PROBLEM DESCRIPTION
Only the lines from the top of the data through the one with "ALL BALLS RACING" are to be written out, each exactly as it stands.

Dataset items
# # # # # # #

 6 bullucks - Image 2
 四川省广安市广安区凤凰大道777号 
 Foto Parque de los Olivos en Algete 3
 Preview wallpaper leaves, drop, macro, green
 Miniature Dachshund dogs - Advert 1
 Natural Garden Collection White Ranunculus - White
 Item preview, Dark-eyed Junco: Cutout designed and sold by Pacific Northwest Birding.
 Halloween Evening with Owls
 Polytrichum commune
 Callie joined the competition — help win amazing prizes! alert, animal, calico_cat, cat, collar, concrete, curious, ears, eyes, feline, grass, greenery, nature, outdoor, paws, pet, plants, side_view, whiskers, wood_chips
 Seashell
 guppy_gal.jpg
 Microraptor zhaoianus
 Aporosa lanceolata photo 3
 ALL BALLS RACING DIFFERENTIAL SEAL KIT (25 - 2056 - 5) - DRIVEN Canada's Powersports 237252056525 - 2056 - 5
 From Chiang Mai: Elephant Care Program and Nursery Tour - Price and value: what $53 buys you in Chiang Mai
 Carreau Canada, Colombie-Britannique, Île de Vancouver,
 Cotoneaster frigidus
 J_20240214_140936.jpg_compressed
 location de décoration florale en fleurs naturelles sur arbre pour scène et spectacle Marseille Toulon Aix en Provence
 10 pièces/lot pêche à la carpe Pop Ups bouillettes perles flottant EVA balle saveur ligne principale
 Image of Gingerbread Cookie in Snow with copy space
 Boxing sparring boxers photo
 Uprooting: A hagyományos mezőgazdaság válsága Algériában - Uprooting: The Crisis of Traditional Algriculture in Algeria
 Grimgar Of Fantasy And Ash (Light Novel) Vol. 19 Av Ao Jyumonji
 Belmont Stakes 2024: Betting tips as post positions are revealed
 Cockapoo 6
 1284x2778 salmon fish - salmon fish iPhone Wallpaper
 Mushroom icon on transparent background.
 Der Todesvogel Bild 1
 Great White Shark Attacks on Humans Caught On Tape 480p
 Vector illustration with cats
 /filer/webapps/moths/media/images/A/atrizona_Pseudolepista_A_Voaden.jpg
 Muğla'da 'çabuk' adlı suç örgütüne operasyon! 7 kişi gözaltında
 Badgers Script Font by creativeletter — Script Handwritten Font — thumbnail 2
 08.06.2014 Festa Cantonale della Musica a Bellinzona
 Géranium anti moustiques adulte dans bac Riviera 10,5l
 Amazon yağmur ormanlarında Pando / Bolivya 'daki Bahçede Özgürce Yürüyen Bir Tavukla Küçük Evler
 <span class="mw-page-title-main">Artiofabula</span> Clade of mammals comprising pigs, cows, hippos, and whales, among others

# # # # # # #

OUTPUT
 6 bullucks - Image 2
 四川省广安市广安区凤凰大道777号 
 Foto Parque de los Olivos en Algete 3
 Preview wallpaper leaves, drop, macro, green
 Miniature Dachshund dogs - Advert 1
 Natural Garden Collection White Ranunculus - White
 Item preview, Dark-eyed Junco: Cutout designed and sold by Pacific Northwest Birding.
 Halloween Evening with Owls
 Polytrichum commune
 Callie joined the competition — help win amazing prizes! alert, animal, calico_cat, cat, collar, concrete, curious, ears, eyes, feline, grass, greenery, nature, outdoor, paws, pet, plants, side_view, whiskers, wood_chips
 Seashell
 guppy_gal.jpg
 Microraptor zhaoianus
 Aporosa lanceolata photo 3
 ALL BALLS RACING DIFFERENTIAL SEAL KIT (25 - 2056 - 5) - DRIVEN Canada's Powersports 237252056525 - 2056 - 5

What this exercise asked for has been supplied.